Exercise details: Each line of the records that holds the word "Imagen" should be copied out.

(Brief descriptive captions)
....
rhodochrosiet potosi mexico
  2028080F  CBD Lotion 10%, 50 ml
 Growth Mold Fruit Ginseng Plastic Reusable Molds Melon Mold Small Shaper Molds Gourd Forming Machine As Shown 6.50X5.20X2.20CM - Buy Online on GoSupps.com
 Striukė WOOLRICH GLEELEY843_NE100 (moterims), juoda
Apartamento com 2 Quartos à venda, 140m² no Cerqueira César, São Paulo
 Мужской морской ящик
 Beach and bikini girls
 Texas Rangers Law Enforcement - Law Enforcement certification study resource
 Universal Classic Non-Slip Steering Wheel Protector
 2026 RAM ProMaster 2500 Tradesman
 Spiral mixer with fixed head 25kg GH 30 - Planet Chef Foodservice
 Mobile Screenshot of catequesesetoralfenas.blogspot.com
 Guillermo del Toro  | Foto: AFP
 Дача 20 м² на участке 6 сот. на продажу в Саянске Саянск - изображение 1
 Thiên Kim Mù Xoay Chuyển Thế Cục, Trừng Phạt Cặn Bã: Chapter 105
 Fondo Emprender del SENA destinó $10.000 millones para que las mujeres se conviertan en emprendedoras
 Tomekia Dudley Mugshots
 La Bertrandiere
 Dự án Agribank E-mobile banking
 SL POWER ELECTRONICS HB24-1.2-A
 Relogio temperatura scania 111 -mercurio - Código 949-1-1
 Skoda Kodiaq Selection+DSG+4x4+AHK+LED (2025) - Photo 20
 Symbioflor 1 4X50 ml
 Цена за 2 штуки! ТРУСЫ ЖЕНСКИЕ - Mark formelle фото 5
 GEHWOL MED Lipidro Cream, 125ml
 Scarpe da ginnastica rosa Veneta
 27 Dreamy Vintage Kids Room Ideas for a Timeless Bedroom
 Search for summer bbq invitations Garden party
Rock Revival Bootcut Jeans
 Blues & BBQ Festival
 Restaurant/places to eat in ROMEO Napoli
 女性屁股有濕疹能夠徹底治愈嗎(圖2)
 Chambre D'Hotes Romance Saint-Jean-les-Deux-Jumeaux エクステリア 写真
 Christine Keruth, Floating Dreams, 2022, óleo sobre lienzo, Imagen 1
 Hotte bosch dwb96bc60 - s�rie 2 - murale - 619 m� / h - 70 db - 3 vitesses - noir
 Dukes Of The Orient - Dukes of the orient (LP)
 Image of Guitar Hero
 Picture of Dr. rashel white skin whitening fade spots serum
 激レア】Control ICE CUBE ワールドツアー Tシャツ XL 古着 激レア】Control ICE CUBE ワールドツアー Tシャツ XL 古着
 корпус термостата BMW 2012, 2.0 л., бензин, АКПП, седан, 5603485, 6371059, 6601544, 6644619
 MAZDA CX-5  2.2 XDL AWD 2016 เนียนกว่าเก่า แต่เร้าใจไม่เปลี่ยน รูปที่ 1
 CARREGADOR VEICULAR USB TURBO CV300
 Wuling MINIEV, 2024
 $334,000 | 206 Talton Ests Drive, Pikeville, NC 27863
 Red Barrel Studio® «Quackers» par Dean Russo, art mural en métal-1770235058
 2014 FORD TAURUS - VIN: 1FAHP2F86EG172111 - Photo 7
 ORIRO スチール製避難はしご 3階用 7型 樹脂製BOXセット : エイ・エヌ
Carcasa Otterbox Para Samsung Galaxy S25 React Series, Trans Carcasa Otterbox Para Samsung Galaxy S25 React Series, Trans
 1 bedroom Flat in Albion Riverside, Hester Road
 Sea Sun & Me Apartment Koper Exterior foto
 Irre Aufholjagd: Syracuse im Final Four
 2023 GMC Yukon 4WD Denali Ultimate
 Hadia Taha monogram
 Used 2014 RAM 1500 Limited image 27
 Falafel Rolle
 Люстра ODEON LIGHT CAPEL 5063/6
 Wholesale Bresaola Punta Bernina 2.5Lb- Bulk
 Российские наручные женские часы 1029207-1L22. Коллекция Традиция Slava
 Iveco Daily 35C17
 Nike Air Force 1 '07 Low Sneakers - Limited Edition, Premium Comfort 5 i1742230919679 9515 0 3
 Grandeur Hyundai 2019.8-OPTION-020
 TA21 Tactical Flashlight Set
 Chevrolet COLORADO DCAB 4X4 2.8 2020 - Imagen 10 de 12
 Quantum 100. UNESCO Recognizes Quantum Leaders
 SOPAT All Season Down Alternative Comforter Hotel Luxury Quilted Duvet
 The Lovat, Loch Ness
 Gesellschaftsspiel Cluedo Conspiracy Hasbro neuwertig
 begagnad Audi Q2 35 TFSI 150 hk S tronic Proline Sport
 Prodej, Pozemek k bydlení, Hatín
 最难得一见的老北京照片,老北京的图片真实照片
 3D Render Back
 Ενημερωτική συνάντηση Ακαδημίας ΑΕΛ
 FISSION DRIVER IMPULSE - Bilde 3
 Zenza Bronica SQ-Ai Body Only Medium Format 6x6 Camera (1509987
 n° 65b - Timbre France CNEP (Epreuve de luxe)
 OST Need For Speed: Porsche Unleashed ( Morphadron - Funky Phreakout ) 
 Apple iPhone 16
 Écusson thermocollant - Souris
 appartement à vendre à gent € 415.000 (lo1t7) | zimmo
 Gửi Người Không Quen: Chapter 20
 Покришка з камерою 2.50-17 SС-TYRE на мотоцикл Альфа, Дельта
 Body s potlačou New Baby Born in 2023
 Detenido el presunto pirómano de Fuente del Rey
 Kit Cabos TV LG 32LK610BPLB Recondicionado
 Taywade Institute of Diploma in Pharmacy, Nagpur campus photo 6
....
Task answer:
 Christine Keruth, Floating Dreams, 2022, óleo sobre lienzo, Imagen 1
 Chevrolet COLORADO DCAB 4X4 2.8 2020 - Imagen 10 de 12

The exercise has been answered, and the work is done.